The Fireproof Aerial RObot System (FAROS) is a UAV developed to help keep everyone safe in situations like high-rise fires. Although it’s designed to fly, it can also climb walls when things heat up. FAROS can detect fires, search building interiors and transfer real-time data from a fire to the ground station.

Here’s a look at how it works:

FAROS uses a quadrotor system to switch between flight mode and “spider” mode in order to move around debris and other obstacles. A 2D laser scanner, altimeter and Inertia Measurement Unit (IMU) help it establish its position and navigate autonomously.

FAROS' sensors and laser scanner let it fly and climb around smoky scenes. (Image courtesy of KAIST.)
FAROS' sensors and laser scanner let it fly and climb around smoky scenes. (Image courtesy of KAIST.)

A thermal imaging camera spots humans inside the building and sends the information back to the ground station along with localization data to assist with rescue efforts. This camera also lets the drone find fire-ignition points to help concentrate firefighters’ efforts.


Standing the Heat

Trial by fire: a team member lights FAROS up to test its fireproof capabilities. (Image courtesy of KAIST.)

Trial by fire: a team member lights FAROS up to test its fireproof capabilities. (Image courtesy of KAIST.)

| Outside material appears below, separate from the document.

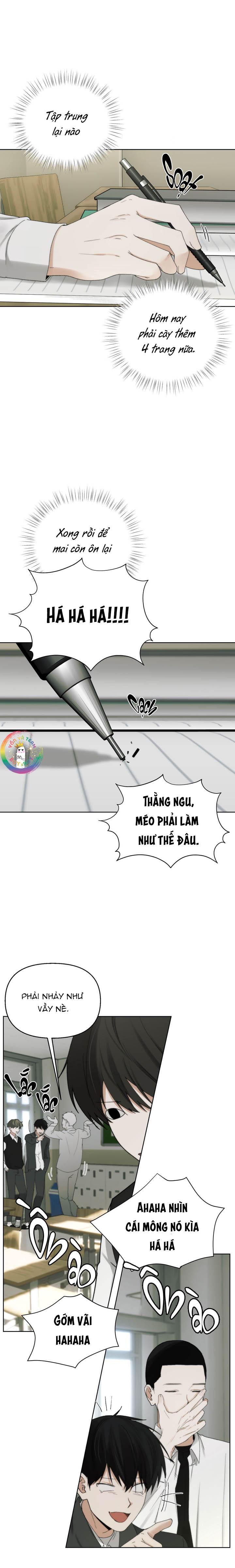 Đọc truyện Góc Tối Tình Bạn - Chapter 2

As suggested by its name, FAROS is fireproof and flame-retardant. A network of aramid fibers protects its sensitive electrical and mechanical innards from open flame. An air buffer and a thermoelectric cooling system beneath this fibrous “skin” help FAROS keep its cool.

Its creators, a team from the Korea Advanced Institute of Science and Technology (KAIST), claim that the drone can withstand temperatures above 1,800°F (1,000°C) for over a minute. The team put this to the test using a combination of butane gas and ethanol aerosol flames.

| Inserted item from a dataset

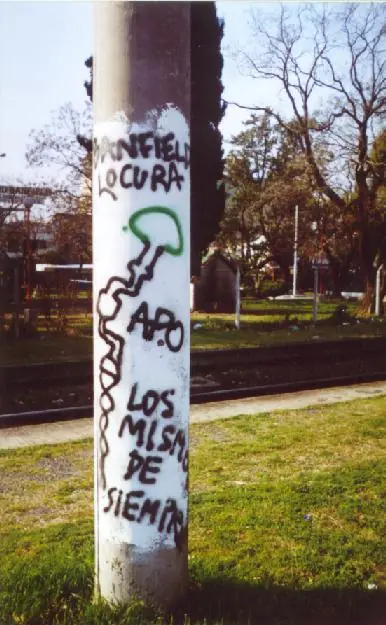 Megapost del taladro (Banfield)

Using UAVs to Assist Society

FAROS is a far cry from most of our current uses for drones. Unlike personal drones (for entertainment) or delivery drones, FAROS could actually save lives.

“As cities become more crowded with skyscrapers and super structures, fire incidents in these high-rise buildings are life-threatening massive disasters,” said Hyun Myung, professor of civil and environmental engineering at KAIST. “The FAROS can be aptly deployed to the disaster site at an early stage of such incidents to minimize the damage and maximize the safety and efficiency of rescue missions.”